Des alternatives à la carafe...Et quid des autres technologies de filtration ? il existe aussi des systèmes à fixer directement sur le robinet de l’évier (« on tap ») et des systèmes se fixant sous celui-ci ( comme le Brita on line Active et Active plus : le premier promettant une eau de meilleur goût « à la source », dénué de chlore, le second une eau en plus moins calcaire. Cette diversification est aussi un moyen de reconquérir de la valeur sur un segment dont la rentabilité s’est légèrement effritée. Mais à première vue on ne retrouvera sans doute pas l’alchimie du succès de la carafe, qui a en plus un aspect fun et design sur la table des français que n’apportent pas les autres systèmes. La carafe représente aujourd’hui donc 96 % de l’équipement des français filtrant leur eau de boisson contre 4% pour les autres systèmes à fixer sur le robinet ( source Sofres- 2010).
La cause de cette diversification n’est pas uniquement l’arrivée de concurrents : c’est que la carafe ne laisse pas indifférent. Il y a quelques années, la blogosphère s’en empare, ainsi que les associations de consommateurs et les écologistes : chacun y va de son pamphlet « pour ou contre la carafe » ? Sans parler des minéraliers, qui apprécient peu l’arrivée d’un produit concurrent à l’eau en bouteille, rente des industriels de l’agroalimentaire. Les articles peu aimables pour la carafe, l’accusant de ne plus êre une carafe filtrante mais une carafe polluante, tentent alors de ternir la success story.
Haussement d’épaules au GIFAM, qui avait travaillé sur la certification des produits à l’origine ( les fameuses attestations de conformité sanitaires) . « Aucune plainte consommateur ne vient étayer les critiques. » explique Patrick le Dévéhat, Directeur technique.

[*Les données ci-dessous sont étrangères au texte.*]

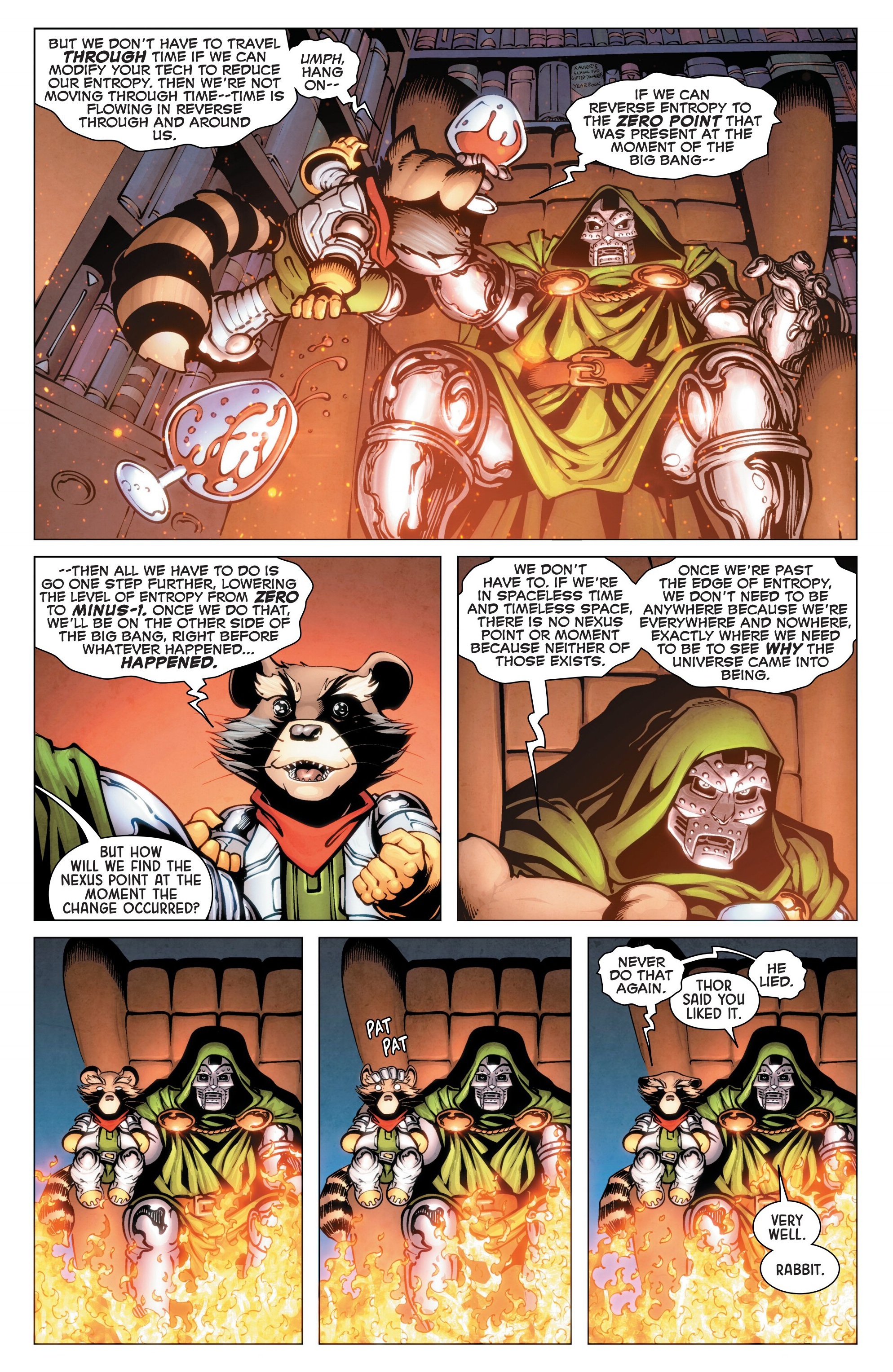 Doctor Doom and Rocket Raccoon (2025-): Chapter 1 - Page 18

Tout au plus, on constate quelques « abandonnistes » décus de la carafe, qui se lassent de changer les cartouches ( opération qui doit être faite environ toutes les 3 semaines). Mais si les croissances du marché s’est ralentie, il reste un potentiel important de consommateurs – près de 15% desfoyers français équipés, enquête SOFRES-GIFAM 2010). L’année 2011 a été moyenne, mais le marché atteint tout de meme la barre des 100 millions d’€…
Le futur ne sera pas en carafe…Celle-ci va continuer assurément de conquérir de nouveaux consommateurs séduits par tous ses atouts. Et d’autres projets ont été développés : la filtration de l’eau, c’est partout : dans les machines à expresso, dans les bars à eau des réfrigérateurs… ainsi qu’en collectivité (Cafés hotels restaurants qui recourent de plus en plus aux cartouches filtrantes pour l’eau des boissons).